Man war an dergleichen Ereignisse gewöhnt und schenkte ihnen an sich weiter keine Aufmerksamkeit; doch erwartete die Dienerschaft den Herrn mit großer Angst zurück, als nach einigen Stunden die festgegründeten, wundervollen Gebäude des Palastes Metzengerstein unter der Glut einer dichten, bleichen, unermeßlichen Feuermasse zu krachen und zu wanken begannen.

Die Feuersbrunst hatte, als man sie bemerkte, schon so vollständig Besitz von den Gebäuden ergriffen, daß man alle Löschversuche als nutzlos aufgeben mußte. Die erschreckte Volksmenge stand müßig, ja in fast stumpfsinniges Staunen versunken, in der Runde umher, als ein neues, schreckliches Ereignis ihre Aufmerksamkeit erregte. Auf der langen Allee uralter Eichen, die vom Haupteingang des Schlosses bis an den Waldrand reichte, erschien ein Roß, das wilder wie der Dämon des Sturmes selbst heranraste und einen Reiter trug, dessen Kleider in Fetzen, vom Unwetter zerrissen herabhingen.
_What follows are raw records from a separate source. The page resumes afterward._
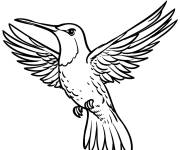 Coloriage Page Colibri pour adultes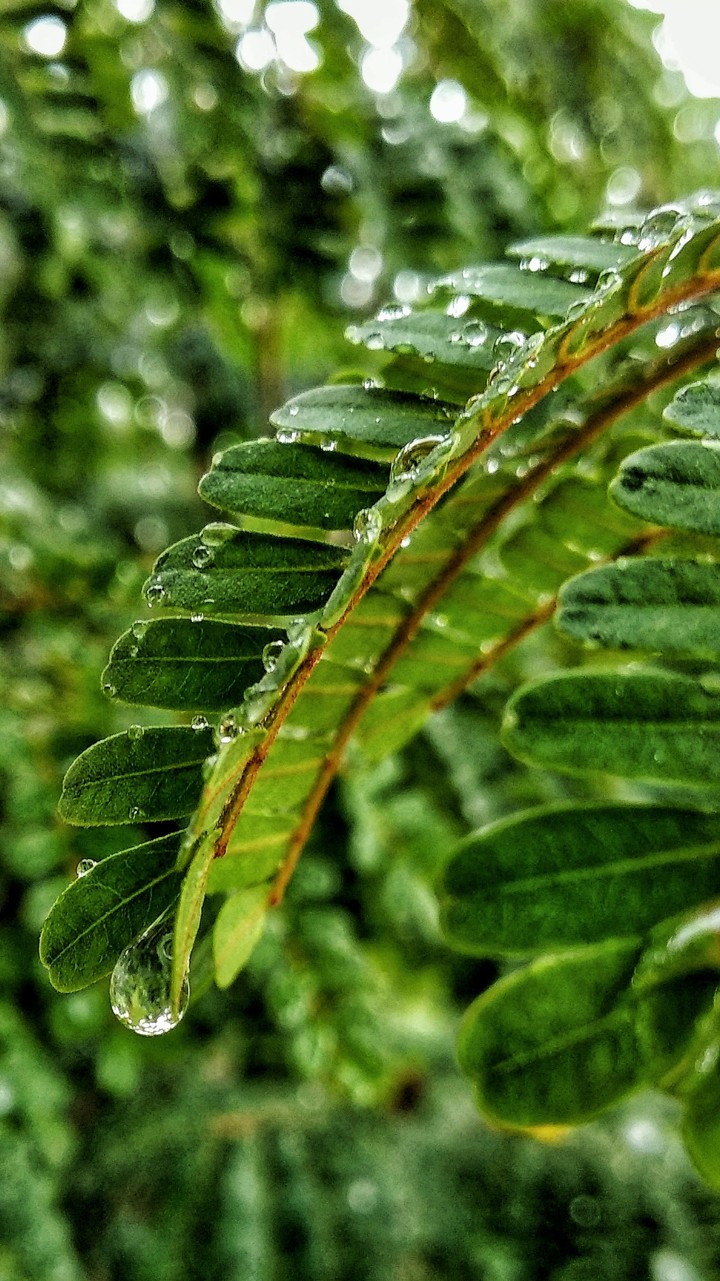 water drop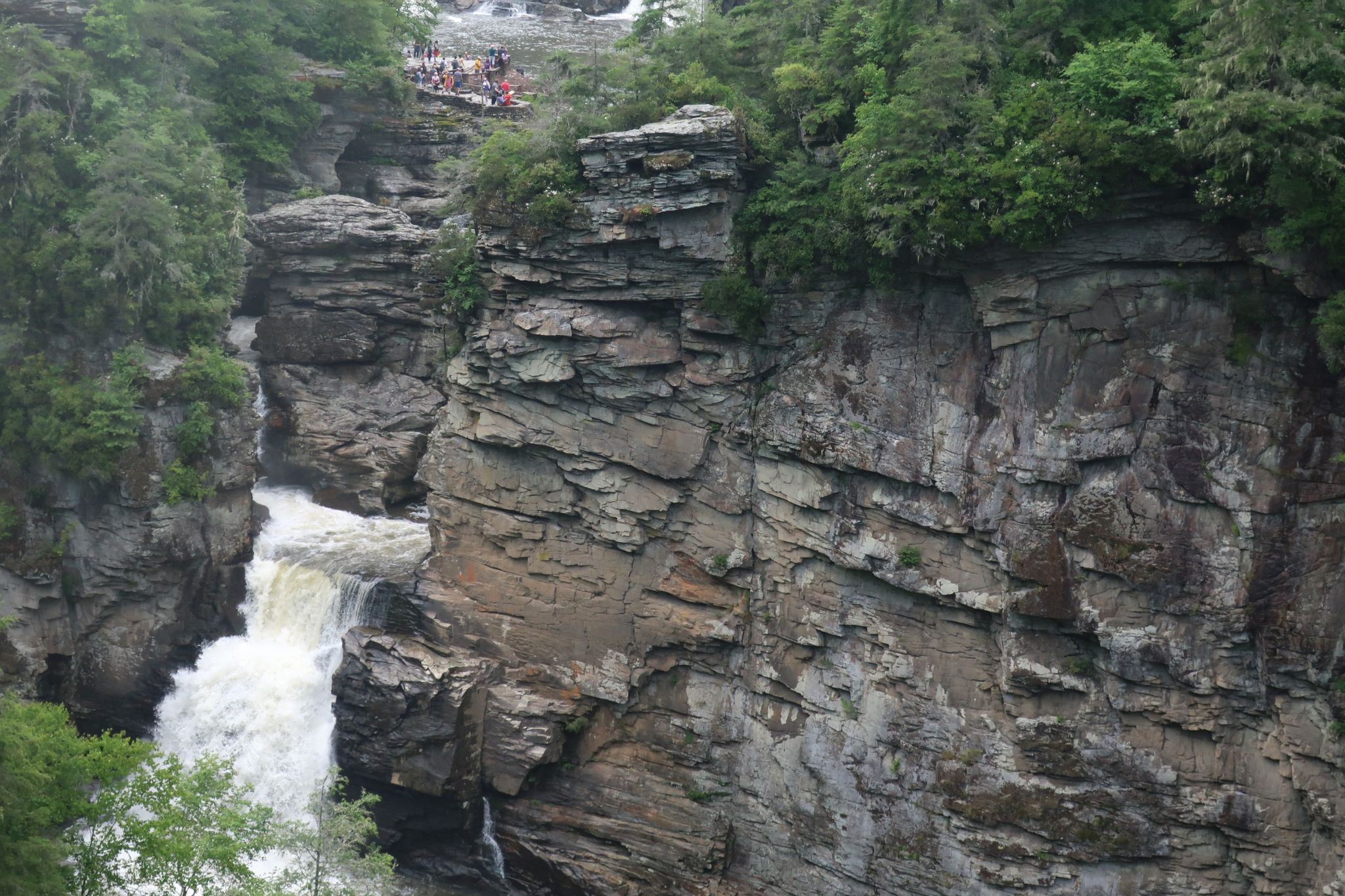 Powerful waterfall cascades between steep rocky canyon walls with green trees. - Erwin's View Trail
Er konnte offenbar das Tier in seinem Rasen nicht mehr aufhalten. Die Todesangst, die sein Gesicht verzerrte, die krampfhaften, letzten Anstrengungen seines ganzen Körpers gaben Zeugnis von einem übermenschlichen Kampf; aber außer einem einzigen Schrei kam kein Ton über seine verzerrten Lippen, die er im Übermaß des Entsetzens blutig zernagt hatte. Einen Augenblick lang klangen die Hufschläge scharf und schrill durch das Zischen der Flammen und das Heulen des Windes – dann setzte das Tier mit einem einzigen Sprung über das große Tor und den Graben, raste die wankende Treppe des Palastes empor und verschwand mit seinem Reiter in dem wüsten Wirbelsturm der Flammen.

Die Wut des Sturmes legte sich sofort und eine tote Ruhe folgte.

Eine weiße Flamme umhüllte das Schloß wie ein Leichentuch. Und weit hinten, am Horizont, schoß ein Streif übernatürlichen Lichtes jäh hinweg, während eine Rauchwolke sich über der zerstörten Stätte bildete und über den rauchenden Ruinen lag in der deutlichen Gestalt eines riesigen - Pferdes.

DER DUC DE L’OMELETTE

Le Duc De L’Omelette ()

… und schritt sodann in ein kühleres Klima. (Cowper)


Keats starb an einer Kritik. Wer war es noch, der an L’Andromaque * starb? Niedere Seelen. – De l’Omelette starb an einem Ortolan.

l’histoire en est brève. Steh mir bei, Geist des Apicius!

Ein goldener Käfig trug einen kleinen geflügelten Wanderer, ein gefesseltes, rührendes, indolentes Vögelchen, von seiner Heimat im fernen Peru nach der Chaussee d’Antin. Sechs Pairs des Kaiserreiches begleiteten den glücklichen Vogel von seiner königlichen Eigentümerin, La Bellissima, zu dem Duc de l’Omelette.